Festival Nimba / Dr Dansa Kourouma salue la vision de Takana Zion : ‘’ Takana sait bien où son père vient, il sait où son grand-père vient…’’

Dans une ambiance à la fois solennelle et festive, la capitale guinéenne a vibré ce vendredi 5 septembre 2025 au rythme du lancement officiel de la toute première édition du Festival Nimba. Organisée à l’hôtel Radisson Blu de Kipé, dans la commune de Ratoma, cette cérémonie d’ouverture a rassemblé une pléiade de personnalités issues du monde politique, culturel et artistique.

À l’origine de ce festival inédit : l’artiste engagé Mohamed Mouctar Soumah, alias Takana Zion, à travers sa maison de production Kanamacina Records. L’événement se veut un carrefour des cultures, unissant les rythmes africains à l’héritage jamaïcain du reggae, porteur de messages de paix, de justice et d’unité.

Parmi les invités de marque figurait Dr Dansa Kourouma, président du Conseil National de la Transition (CNT), dont l’intervention passionnée a marqué les esprits.

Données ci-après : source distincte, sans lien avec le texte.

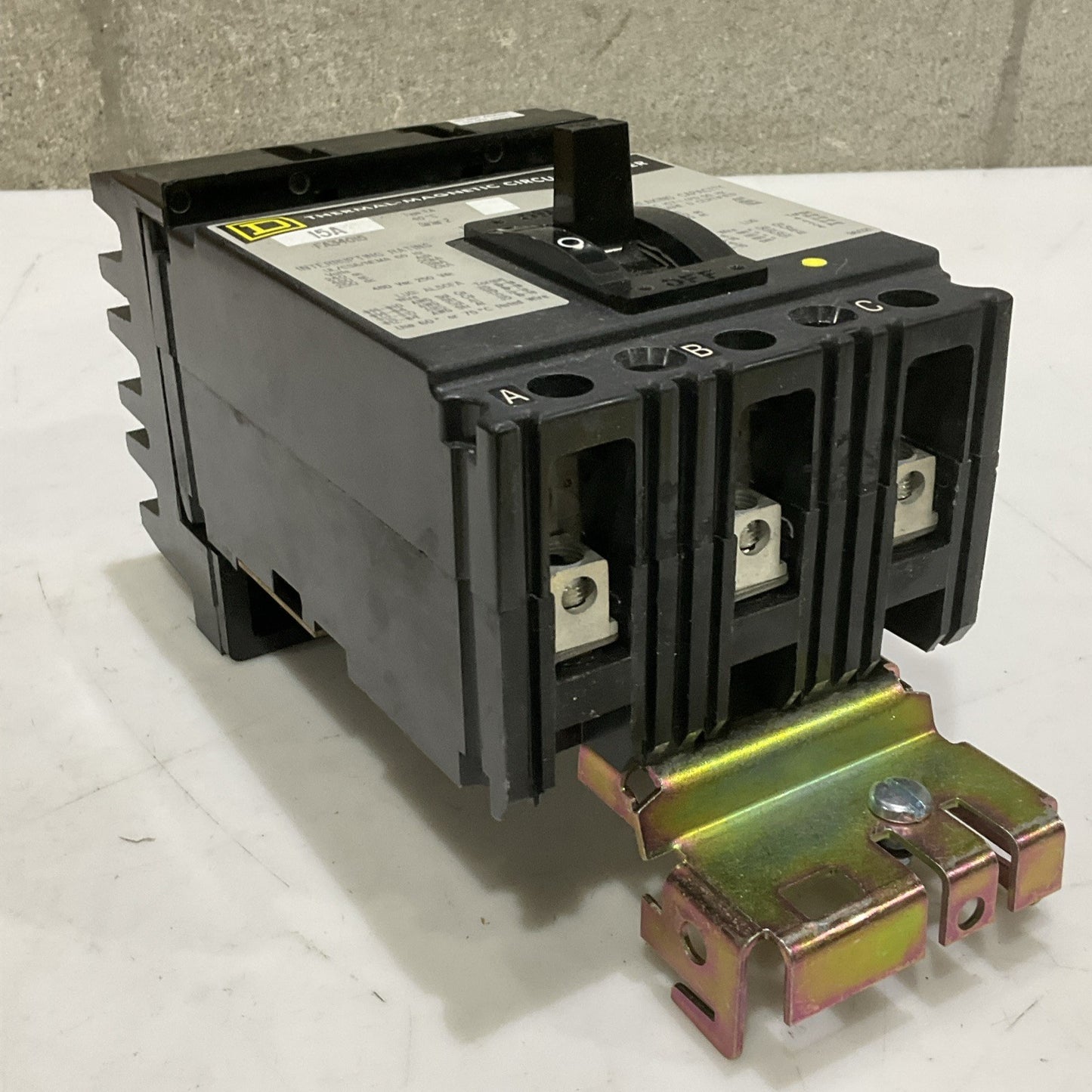 SQUARE D FA34015 MAGNETIC CIRCUIT BREAKER 3P 15A 480V 50/60HZ 250 VDC Z2M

« Il est extrêmement important de dire que la culture c’est le moyen d’expression le plus important de l’art. Un peuple qui n’a pas de culture, c’est un peuple qui n’a pas de départ et de destination. Et quand on ne connaît pas son départ et sa destination, on se perd dans les nuages. Et je continue tout simplement à saluer à sa juste valeur notre frère, le commandant de la chef de Black Mafia, Takana Zion. Vous savez, c’est bien beau de récréer ce moment. D’origines différentes, des continents différents, mais d’aspiration commune. Mais un petit mot sur Takana. Takana sait bien où son père vient, il sait où son grand-père vient, il sait où son arrière-grand-père vient, il sait où l’arrière-grand-père de ce dernier. Eh bien, c’est pourquoi, quelles que soient mes occupations, mes responsabilités administratives et politiques, nous sommes tous le fruit de cette identité culturelle. »

Saluant l’engagement de Takana Zion pour la valorisation des racines africaines et la justice sociale, il a rappelé que ce festival ne pouvait tomber à une date plus symbolique.

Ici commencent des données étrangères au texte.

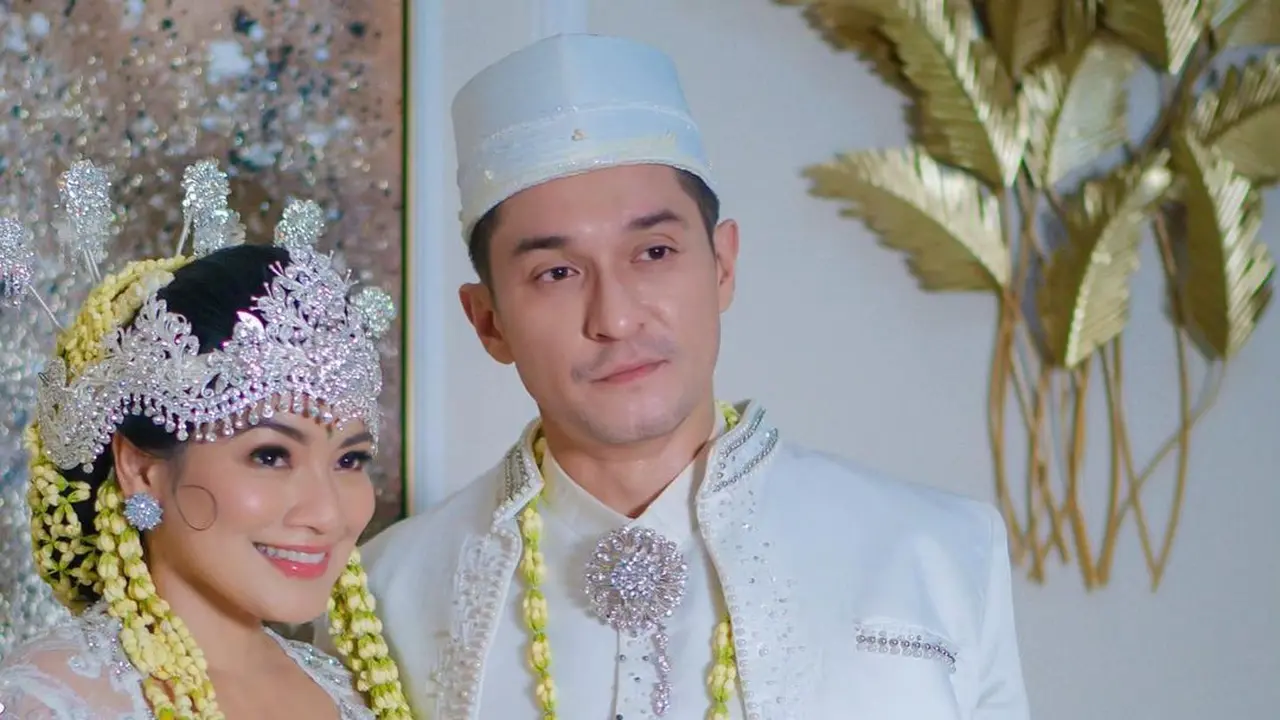Potret Titi Kamal dan Miller Khan kenakan baju pengantin (Sumber: Instagram/@titi_kamall)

« Le 5 septembre, c’est un jour mémorable pour notre pays. C’est l’anniversaire de la prise de responsabilité par notre armée républicaine en 2021. Ce jour-là, de jeunes soldats sont tombés pour que vive la dignité du peuple guinéen. »

Le président du CNT a alors invité l’assistance à observer une minute de silence en mémoire des victimes, soulignant que cette renaissance politique s’accompagne nécessairement d’une renaissance culturelle.

« Mon cher Takana, je te remercie pour ton engagement pour la Guinée, pour l’Afrique, et pour la justice. Le reggae, c’est l’une des plus grandes expressions de la dignité et de la justice sociale », a-t-il poursuivi, sous les applaudissements.

Autour de lui, plusieurs autres figures notables étaient présentes : le ministre de la Culture Moussa Moise Sylla, l’ancien ministre des Sports Aboubacar Titi Camara, Tiguidanké Bereté (Miss Guinée 2024), Malick Kébé, directeur du FODAC, ainsi que de nombreux acteurs du secteur culturel.

Le Festival Nimba se poursuit ce samedi 6 septembre sur l’esplanade du Palais du Peuple. Des têtes d’affiche de renommée internationale sont attendues, notamment le Guadeloupéen Tiwony, les Jamaïcains Jah Thunder et Little Robe, le rappeur sénégalais Didier Awadi, ainsi que Fish Killer du groupe Instinct Killers. L’un des temps forts sera sans aucun doute la prestation de Kimany Marley, fils du légendaire Bob Marley.

Un rendez-vous culturel d’envergure, qui place la Guinée au cœur de la scène musicale panafricaine, avec l’ambition de faire du Festival Nimba un événement annuel incontournable.